Un tribunal federal concedió una orden de emergencia que impide, por ahora, la aplicación de nuevas políticas del Servicio de Ciudadanía e Inmigración de Estados Unidos (USCIS) que amenazaban con dejar sin permiso de trabajo a miles de solicitantes de asilo y beneficiarios del Estatus de Protección Temporal (TPS).
Por La Opinión
La resolución representa un revés temporal para la administración del presidente Donald Trump, ya que suspende la entrada en vigor de medidas que, según organizaciones defensoras de inmigrantes, podían provocar la cancelación de autorizaciones de empleo y el rechazo de solicitudes de asilo sin ofrecer garantías suficientes de debido proceso.
La decisión judicial permanecerá vigente mientras avanza el litigio en una corte federal.

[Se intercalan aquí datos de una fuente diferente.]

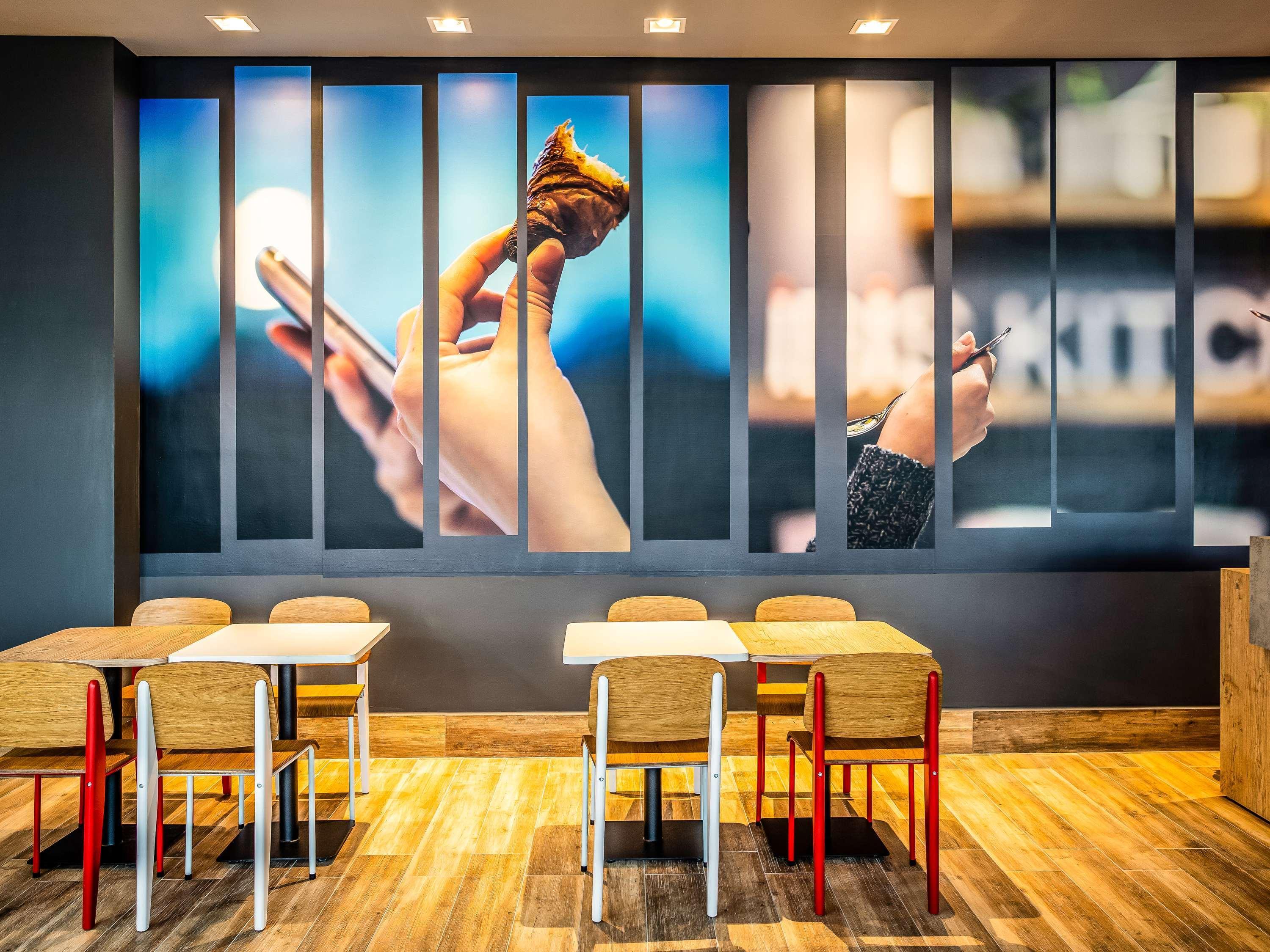 Vista Exterior Ibis Palmas Avenida JK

Orden judicial protege permisos laborales
De acuerdo con los demandantes, miles de beneficiarios del TPS corrían el riesgo de perder su autorización laboral a partir del 22 de julio, como consecuencia de las políticas implementadas por el USCIS para aplicar parte de la legislación conocida como One Big Beautiful Bill Act.
Además, los cambios también podían afectar a personas que buscan asilo en Estados Unidos, al permitir el rechazo de sus solicitudes y la cancelación inmediata de sus permisos de trabajo.
La demanda fue presentada por la Venezuelan Association of Massachusetts, la National TPS Alliance, el Asylum Seeker Advocacy Project (ASAP), el sindicato SEIU y 32BJ SEIU, con representación legal de Democracy Forward, la National Day Laborer Organizing Network y ASAP.